To block rigid bode modes in a simple but effective way, we add a very weak elastic foundation.

k_springs = fem.Constant(msh, PETSc.ScalarType(1.0e-8))
very_weak_springs_to_block_rigid_body_modes = k_springs * ufl.inner(u, u) * dx
total_energy += very_weak_springs_to_block_rigid_body_modes

Solvers

Displacement problem

The displacement problem (\(u\)) at for fixed damage (\(\alpha\)) is a linear problem equivalent to linear elasticity with a spatially varying stiffness. We solve it with a standard linear solver. We use automatic differention to get the first derivative of the energy. We use a direct solve to solve the linear system, but you can also set iterative solvers and preconditioners when solving large problem in parallel.

E_u = ufl.derivative(total_energy, u, ufl.TestFunction(V_u))
E_u_u = ufl.derivative(E_u, u, ufl.TrialFunction(V_u))
elastic_problem = SNESProblem(E_u, u, bcs_u)

b_u = la.create_petsc_vector(V_u.dofmap.index_map, V_u.dofmap.index_map_bs)
J_u = dolfinx.fem.petsc.create_matrix(elastic_problem.a)

# Create Newton solver and solve
solver_u_snes = PETSc.SNES().create()
solver_u_snes.setType("ksponly")
solver_u_snes.setFunction(elastic_problem.F, b_u)
solver_u_snes.setJacobian(elastic_problem.J, J_u)
solver_u_snes.setTolerances(rtol=1.0e-9, max_it=50)
solver_u_snes.getKSP().setType("preonly")
solver_u_snes.getKSP().setTolerances(rtol=1.0e-9)
solver_u_snes.getKSP().getPC().setType("lu")

Damage problem with bound-constraint

The damage problem (\(\alpha\)) at fixed displacement (\(u\)) is a variational inequality due to the irreversibility constraint and the bounds on the damage. We solve it using a specific solver for bound-constrained provided by PETSc, called SNESVI. To this end we define with a specific syntax a class defining the problem, and the lower (lb) and upper (ub) bounds.

E_alpha = ufl.derivative(total_energy, alpha, ufl.TestFunction(V_alpha))
E_alpha_alpha = ufl.derivative(E_alpha, alpha, ufl.TrialFunction(V_alpha))

We now set up the PETSc solver using petsc4py, a fully featured Python wrapper around PETSc.

damage_problem = SNESProblem(E_alpha, alpha, bcs_alpha, J=E_alpha_alpha)
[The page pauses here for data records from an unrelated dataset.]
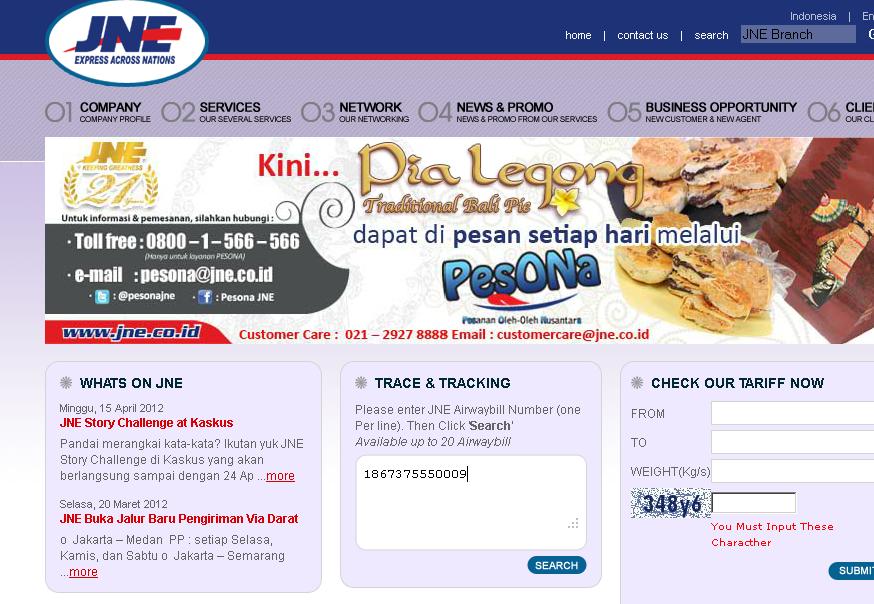 Endurance Blog Cara Melacak Proses Pengiriman Kami Lewat Jne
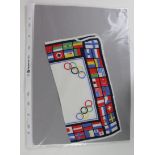 Olympic Games 1936 textiles, Flags of the competing Nations, 1x large scarf, 1 x small square (2)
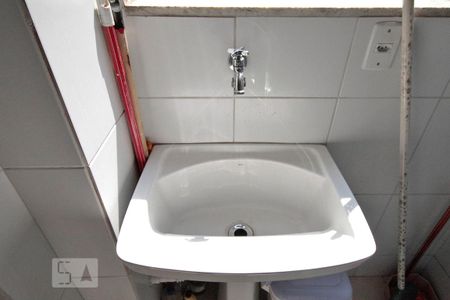 Área de Serviço de kitnet/studio para alugar com 1 quarto, 27m² em Luz, São Paulo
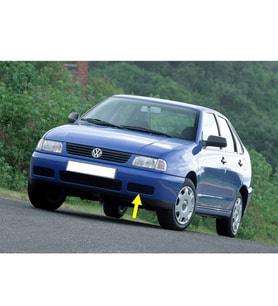 VW Polo Classic 1996-2002 Ön Tampon Sol Sis Kapağı Sissiz 6K5853665A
b_alpha = la.create_petsc_vector(V_alpha.dofmap.index_map, V_alpha.dofmap.index_map_bs)
J_alpha = fem.petsc.create_matrix(damage_problem.a)

# Create Newton variational inequality solver and solve
solver_alpha_snes = PETSc.SNES().create()
solver_alpha_snes.setType("vinewtonrsls")
solver_alpha_snes.setFunction(damage_problem.F, b_alpha)
solver_alpha_snes.setJacobian(damage_problem.J, J_alpha)
solver_alpha_snes.setTolerances(rtol=1.0e-9, max_it=50)
solver_alpha_snes.getKSP().setType("preonly")
solver_alpha_snes.getKSP().setTolerances(rtol=1.0e-9)
solver_alpha_snes.getKSP().getPC().setType("lu")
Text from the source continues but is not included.